Impact of the 2011 Southern US Drought on Ground-Level Particulate Matters (PM) in Summertime and Implication for Drought-Driven PM Response in Future Climate

Thursday, 18 December 2014
Yuanyu Xie1, Yuxuan Wang2, Wenhao Dong1, Qianqian Zhang3, Libao Chai1 and Lin Zhang4, (1)Center for Earth System Science, Tsinghua University, Beijing, China, (2)Texas A & M University, College Station, TX, United States, (3)Tsinghua University, Beijing, China, (4)Peking University, Beijing, China
Drought has wide spread influence over the continental US. Climate predictions suggest increasing frequencies and intensity in droughts, particularly over the southern and western US. In this study, we first present a quantitative assessment of the impacts of the 2011 Southern US drought on the distribution and budget of surface PM2.5 in the summertime using observations and the GEOS-Chem model.
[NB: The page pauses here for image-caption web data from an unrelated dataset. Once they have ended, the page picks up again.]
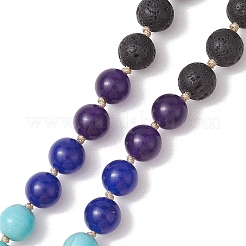 Gemstone Pendant Necklaces&nbsp;NJEW-JN04761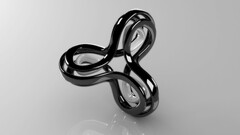 abstract 3d Photoshop render Simple Background gray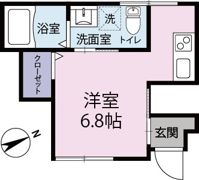 ベゼルの間取り画像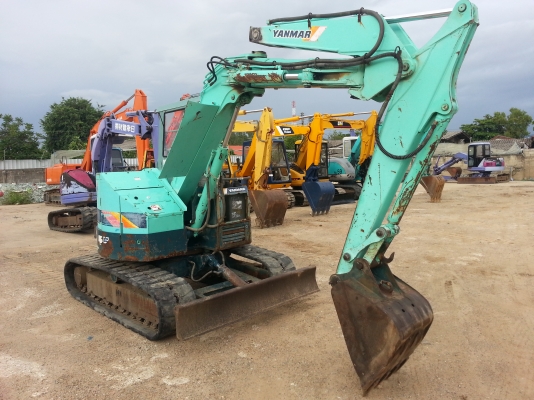 ขายรถแบคโฮYANMAR B5-2ของเก่าจากญี่ปุ่นสภาพรถ 95\% เอกสารอินวอย ขายรถแบคโฮYANMAR B5-2ของเก่าจากญี่ปุ่นสภาพรถ 95\% เอกสารอินวอย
Through quantifying the complex dependence of PM2.5 species to meteorology parameters, we find different responses of OC and sulfate to drought conditions. There is an average enhancement of 26% (p < 10-4) in total PM2.5 over the southern US region during the drought, which is largely attributed to OC enhancements driven by increased emissions from wildfires and trans-boundary inflow from Mexico. By contrast, over central and eastern Texas, surface PM2.5 shows a mean decrease of 11% driven by a 26% (p < 0.03) reduction in sulfate due to decreased aqueous-phase oxidation. On the basis of our PM2.5 budget analysis of this drought event, a statistical approach is developed to estimate the impacts of similar droughts on PM2.5 air quality in the past decades and validated. Finally, we will apply the statistical relationship to discuss the implications on PM air quality of future changes in drought projected by climate models.